Assad’s chocolate-covered Eurotrip ends in his capture
The Syrian conflict ended yesterday after the president of Syria, Bashar al-Assad, and his wife, Amir al-Assad, were captured last week in the small German town of Steinheim.
Assad and Asma returned to Syria yesterday, after German interrogators got Assad to spill the details behind his surprise presence in Germany (with the help of some German beer).
Assad’s decision to secretly visit Germany began over a month ago as a direct result of the dwindling supply of his favorite food: the German Chocolate Truffle.
His wife, Amir, confirmed in an interview with Deutschewelle that, “the truffles are his one true weakness. He eats about three dozen per day. It’s terrible; there’s no room in the refrigerator for anything else.”
The Assad family used to receive a weekly shipment of chocolate truffles until the European Union imposed its luxury goods embargo on Syria on 17 June 2012. The list of banned goods includes truffles, along with Italian shoes, wines exceeding $3 sales price, yachts exceeding 285,000 square feet, cars exceeding 500g leather seat mass, small Greek islands, large Greek islands, The Settlers of Catan®, tapas, glaciers, the Mona Lisa, and Lego.
Just weeks after the luxury goods embargo was implemented, Assad’s chocolately truffle supply was completely exhausted. Assad then assembled a team of his most loyal followers (his wife) and, armed with several copies of Lonely Planet, set out to hunt the chocolate delicacies in the land of origin: Germany.
While the truffles were unquestionably priority number-one, Assad and Amir made an effort to pick up other luxury European items along the way. In a stop in Norway, a security camera captured blurry footage of the two in Oslo’s shopping center. They were apparently fooling vending machines with a 50kg burlap sack full of 10 Pound Syrian coins, which are similarly sized to the 20 Krone Norwegian coin (1 Norwegian Krone equals approximately 11 Syrian pounds). With their trickery they were able to purchase 2 salted salmons and avoid arrest.

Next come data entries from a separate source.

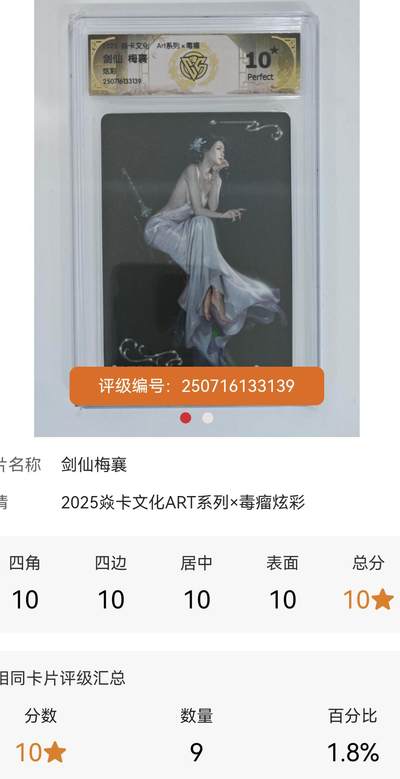 寸草不生拍卖 第十七期  - 焱卡文化art系列毒瘤剑仙梅襄炫彩10星全网只有9张市面很少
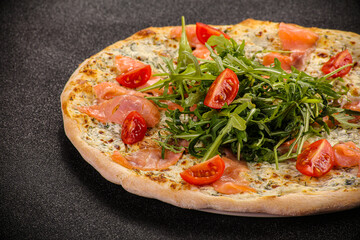 Italian Pizza with salmon and cheese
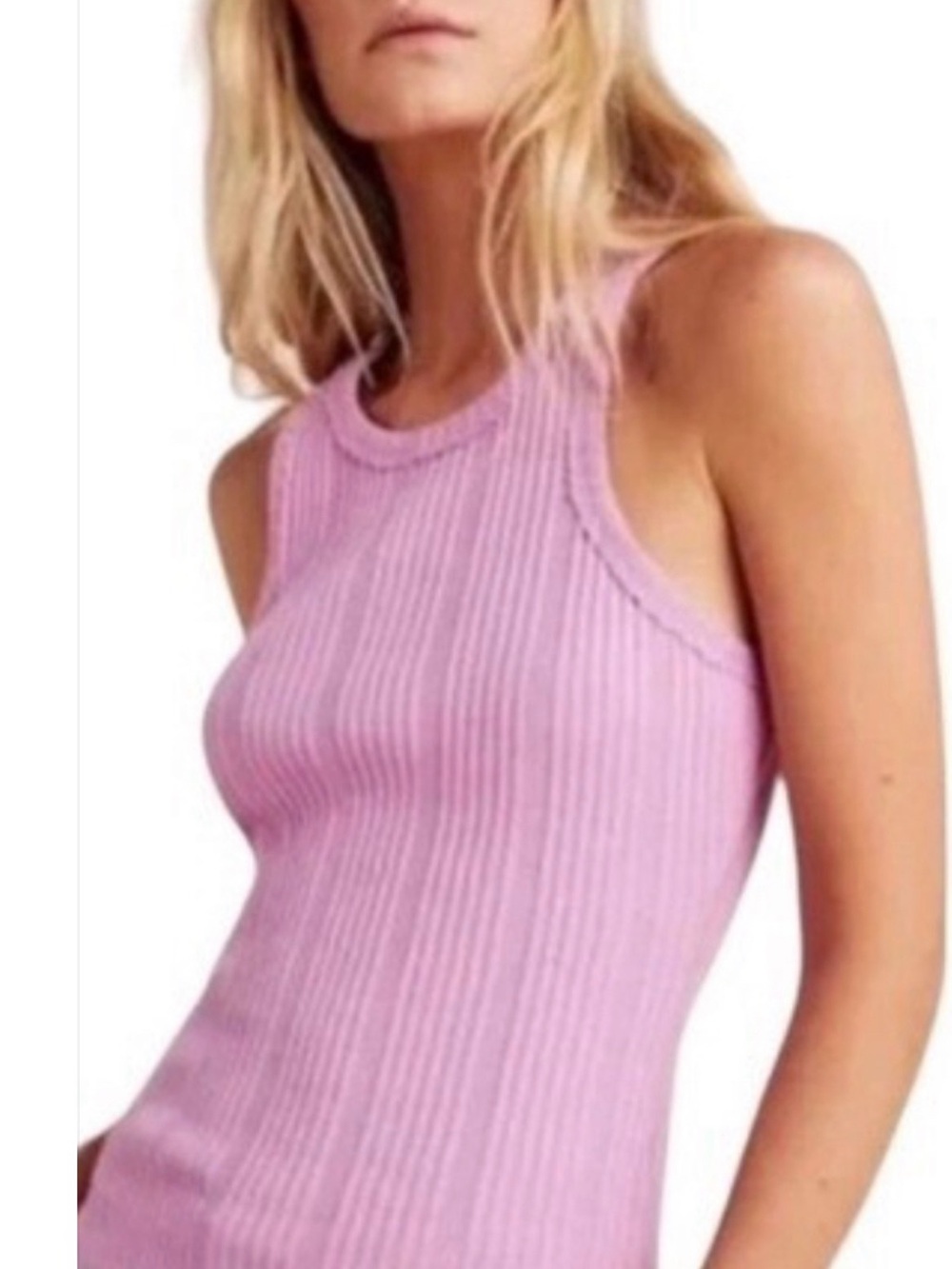 Pilcro Ribbed Knit Tank in Pink Lilac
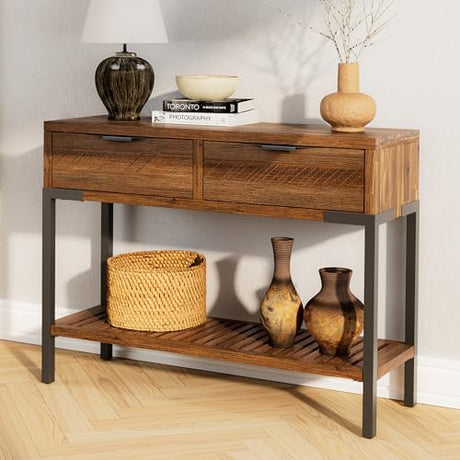 Bme Millie 2 Drawers Industrial Style-Ideal for Entryway, Hallway, Living Room Easy Assembly, Console Table Rustic Chesnut Bme
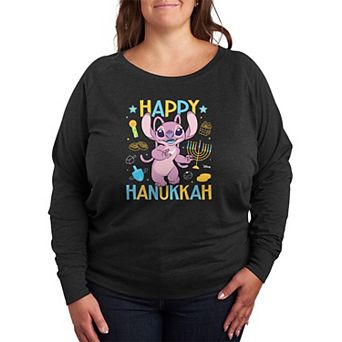 Plus Size Disney's Lilo & Stitch Happy Hanukkah Angel French Terry Long Sleeve Tee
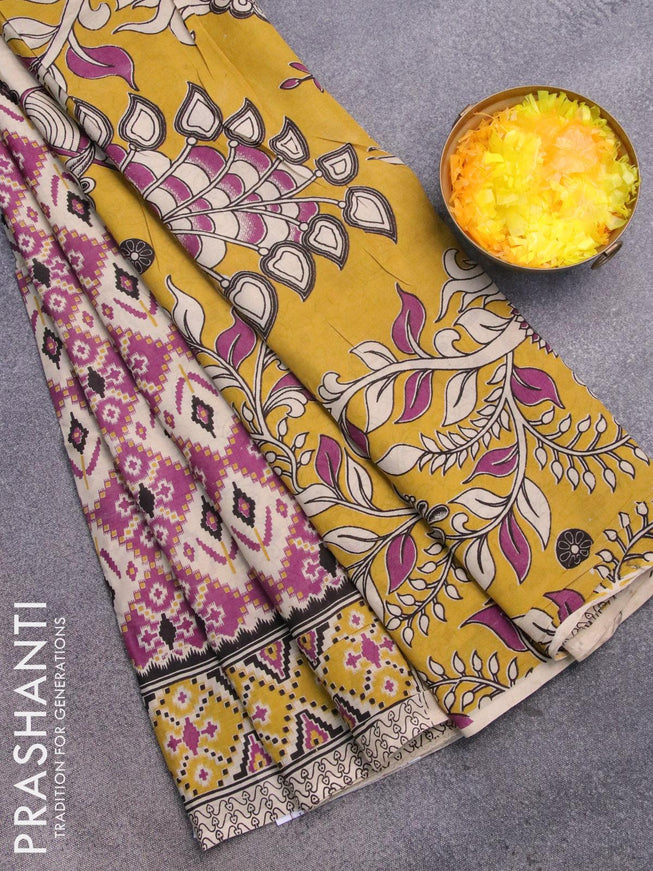 Kalamkari semi silk saree purple and yellow with allover ikat prints and printed border - {{ collection.title }} by Prashanti Sarees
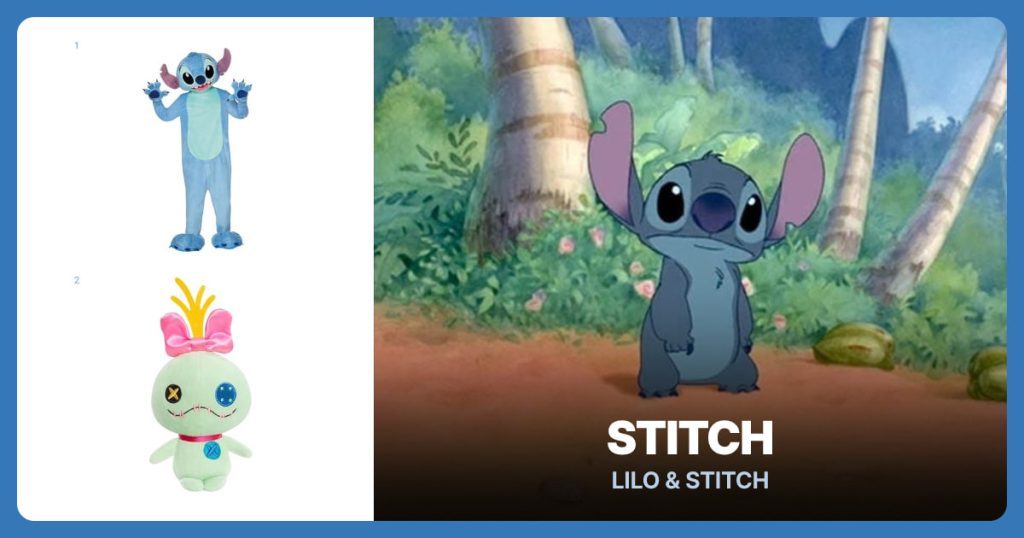 Adult Stitch Mascot Costume and Scrump Plush Doll beside Stitch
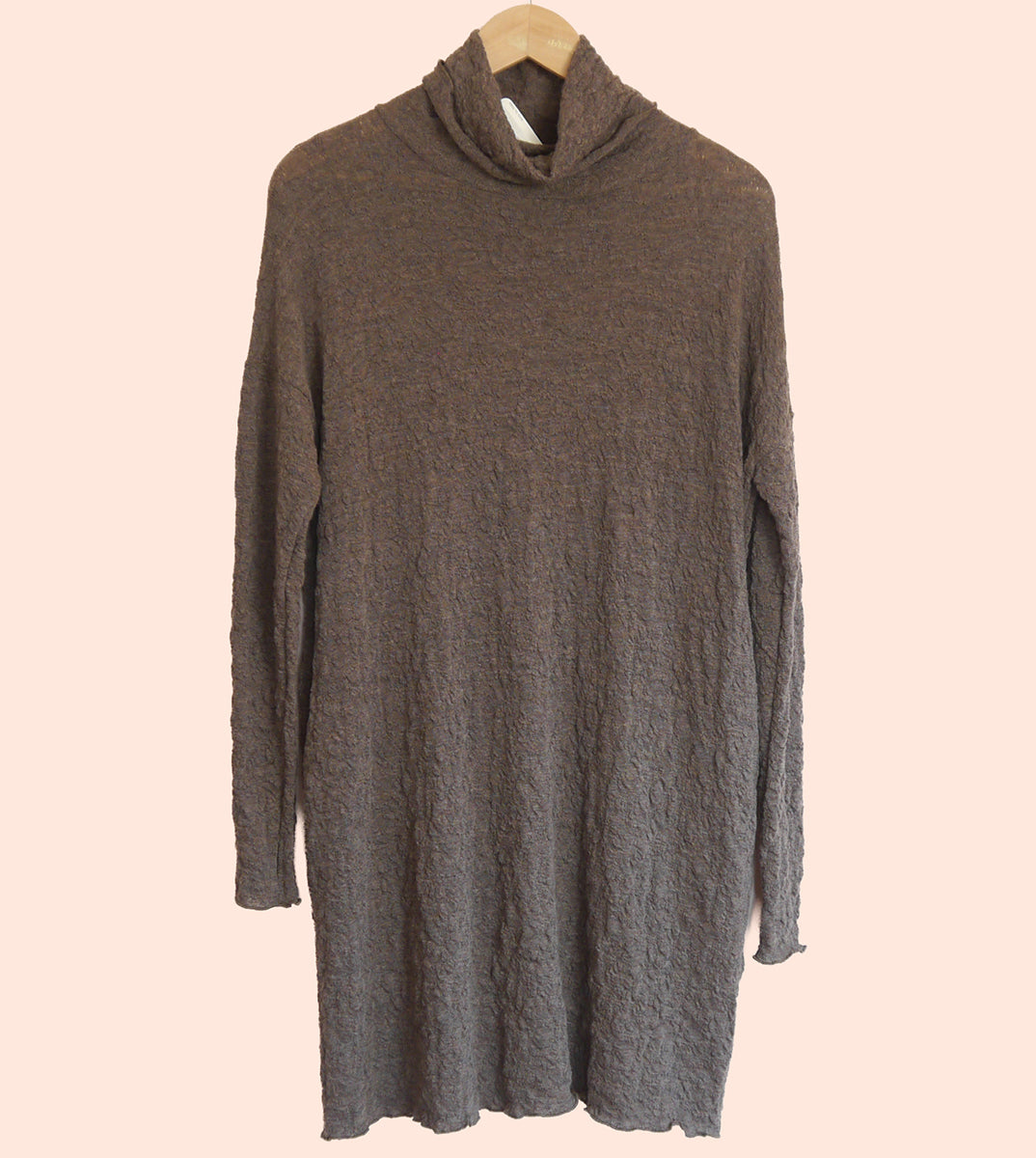 Merino Wool Textured Wide Turtle Neck Dress in Earth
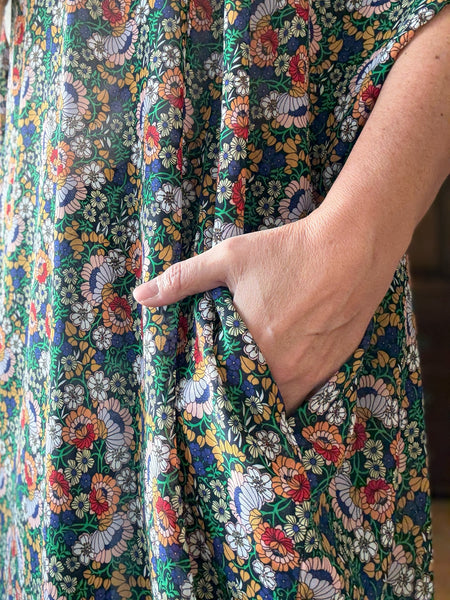 Sjok / kaftan i blommig chiffong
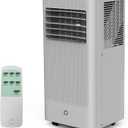 8,000 BTU Portable Air Conditioner- Portable AC Unit for Bedroom up to 350 Sq. Ft, Cooling, Fan & Dehumidifier, Floor Standing Air Conditioner, 24H Timer, Window Kit Included, Black&White Top Cover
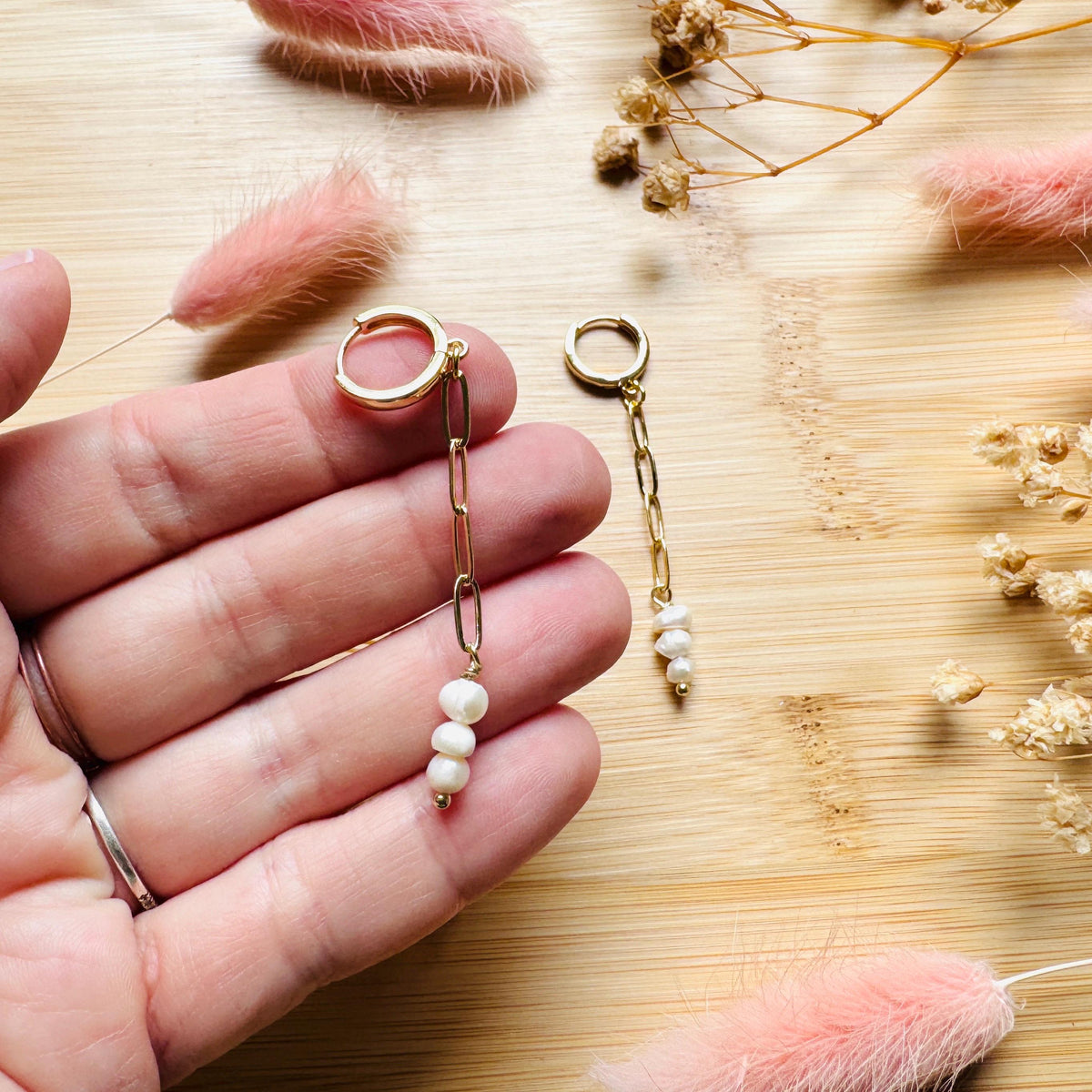 Pearl Earrings, Huggie Hoop Earrings, Geometric Brass Earrings, Best Friend Birthday Gift, Boho Earrings for Wedding, Sweet 16 Gift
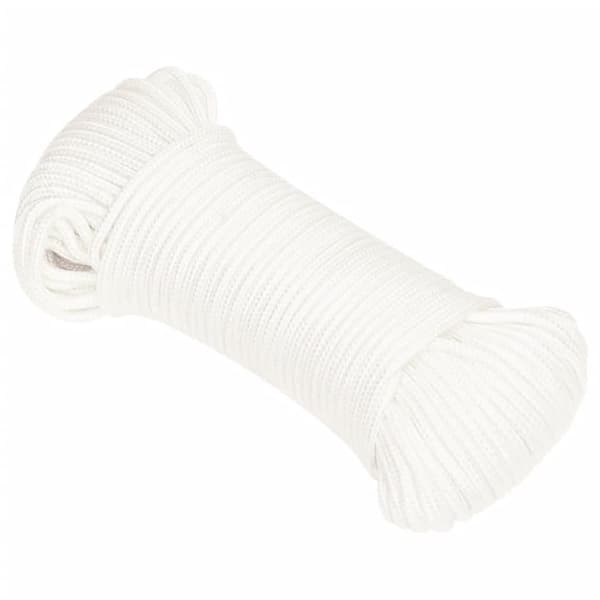 vidaXL Båttau helhvit 4 mm 25 m polypropylen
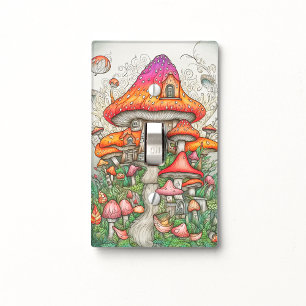 Retro Forest Mushroom Dwelling Illustration Light Switch Cover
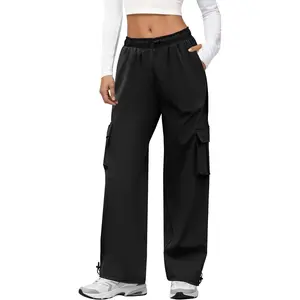 Cargo Pants Women Quick Dry Parachute Hiking Pants with Pockets Elastic Waist Lightweight Water Resistant Joggers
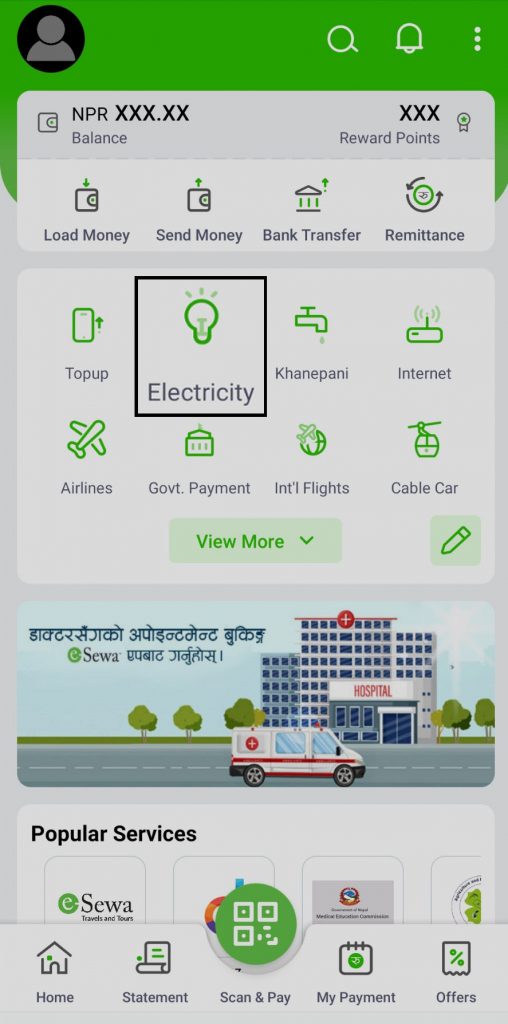 NEA Electricity bill payment through eSewa eSewa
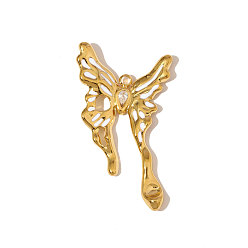 Белый 304 подвески из нержавеющей стали с прозрачным кубическим цирконием, бабочки прелести, с эмалью, ионное покрытие (ip), реальный 18 k позолоченный, белые, 37x21 мм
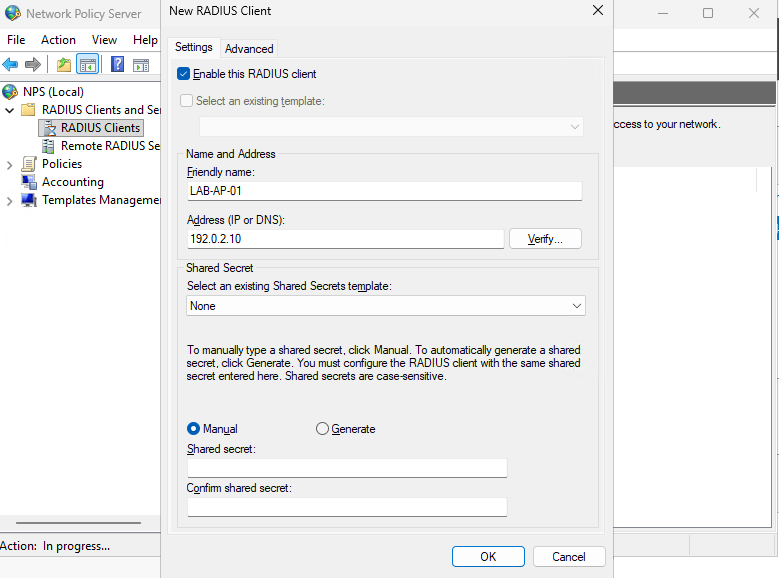 NPS console showing a wireless access point added as a RADIUS client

Authorities were hot on Assad’s Eurotrip trail throughout August, but the critical tipoff came from the German chocolatier, Herman Derdeutscher, owner of the chocolate shop in Steinheim that Assad visited. “I saw these two come in,” Derdeutscher recounts. “They had lots of bags with them, and I see they have some Italian shoes, some cheap wines, some tapas, Lego. Their taste in wine was abysmal, but otherwise, it all looked pretty ordinary.”
Assad got right down to business, Derdeutscher recalls. “Right away he asked me for every chocolate truffle in the store. And then I remember reading in my newspaper about that list of luxury goods for the embargo on Syria and there I see what’s in the shopping bags, and my truffles, and I put two and two together.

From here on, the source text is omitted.